Bahn will Park-Chaos am Hauptbahnhof beseitigen Mitarbeiter haben aber keine Vollzugsgewalt

Gerd Bayer und Türk Martin sehen etwas durchfroren aus. Seit acht Uhr früh stehen sie vor dem Hauptbahnhof, Nordeingang, Europaplatz, wo ihnen der Wind kalt um die Ohren pfeift. Sie ziehen die blauen Mützen ihrer Uniformen ins Gesicht. Doch zum Aufwärmen in den Bahnhof können sie nicht gehen. Denn sie haben einen Auftrag: Sie sollen für Ordnung sorgen, und zwar vor dem Bahnhof. Bayer und Martin gehören zu den zehn neuen „Service-Mitarbeitern“ der Bahn, die seit Montagmorgen im Einsatz sind. Sie arbeiten zu zweit, in zwei Schichten, von 8 bis 18 Uhr.
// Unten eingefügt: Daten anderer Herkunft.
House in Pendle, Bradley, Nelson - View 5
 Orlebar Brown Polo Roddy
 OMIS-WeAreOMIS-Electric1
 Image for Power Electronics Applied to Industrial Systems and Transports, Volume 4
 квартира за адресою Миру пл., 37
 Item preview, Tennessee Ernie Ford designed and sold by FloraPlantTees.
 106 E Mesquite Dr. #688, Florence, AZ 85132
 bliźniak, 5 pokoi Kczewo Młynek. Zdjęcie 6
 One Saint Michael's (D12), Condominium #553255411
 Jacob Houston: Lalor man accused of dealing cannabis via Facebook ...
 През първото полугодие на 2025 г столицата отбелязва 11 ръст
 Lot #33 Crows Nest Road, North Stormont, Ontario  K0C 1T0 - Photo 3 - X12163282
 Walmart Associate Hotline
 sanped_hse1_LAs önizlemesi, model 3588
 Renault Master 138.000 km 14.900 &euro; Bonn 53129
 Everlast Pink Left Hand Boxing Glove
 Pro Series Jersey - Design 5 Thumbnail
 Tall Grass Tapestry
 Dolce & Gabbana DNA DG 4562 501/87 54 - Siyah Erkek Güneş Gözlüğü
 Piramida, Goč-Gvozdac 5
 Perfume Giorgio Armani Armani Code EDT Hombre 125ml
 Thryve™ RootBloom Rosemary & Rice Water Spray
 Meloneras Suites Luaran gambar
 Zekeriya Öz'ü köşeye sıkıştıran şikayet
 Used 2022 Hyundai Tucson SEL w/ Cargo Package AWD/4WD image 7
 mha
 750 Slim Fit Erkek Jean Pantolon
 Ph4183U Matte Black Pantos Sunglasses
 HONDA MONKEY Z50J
Die Bahn reagiert mit dem Ordnereinsatz, der versuchsweise nur bis Ende April dauern soll, auf die chaotische Verkehrssituation am Hauptbahnhof mit seinen täglich 300 000 Besuchern. Zwar endet vor den Türen des Gebäudes die Verantwortung des Unternehmens. Doch das zuständige Ordnungsamt des Bezirks Mitte hat zu wenig Mitarbeiter, um dort zu kontrollieren. „In einem Bezirk mit 314 000 Einwohnern haben wir nur 28 Mitarbeiter im Außendienst“, klagt eine Sprecherin. „Der Hauptbahnhof gehört nicht zu ihren Prioritäten – trotz der wuseligen Verkehrsführung.“

Die Hauptbeschäftigung von Bayer und Martin besteht darin, Autofahrer auf Parkverbotsschilder aufmerksam zu machen. Zwar können sie auf der rechten Fahrbahnseite der schmalen Zufahrt zum Bahnhof eine halbe Stunde lang parken. Aber auf der linken Seite dürfen sie lediglich halten. Sprich: drei Minuten stehen und beim Auto bleiben. Bisher hatten Hunderte Autofahrer ihre Wagen dort jeden Tag einfach abgestellt und waren im Bahnhof verschwunden. Die Zufahrt war für Feuerwehrfahrzeuge versperrt, und am Wendekreis kam es wegen der Enge regelmäßig zu Staus und Wutausbrüchen. Bahnfahrer beschwerten sich, dass sie sich mit ihrem Gepäck durch die parkenden Autos kämpfen müssten.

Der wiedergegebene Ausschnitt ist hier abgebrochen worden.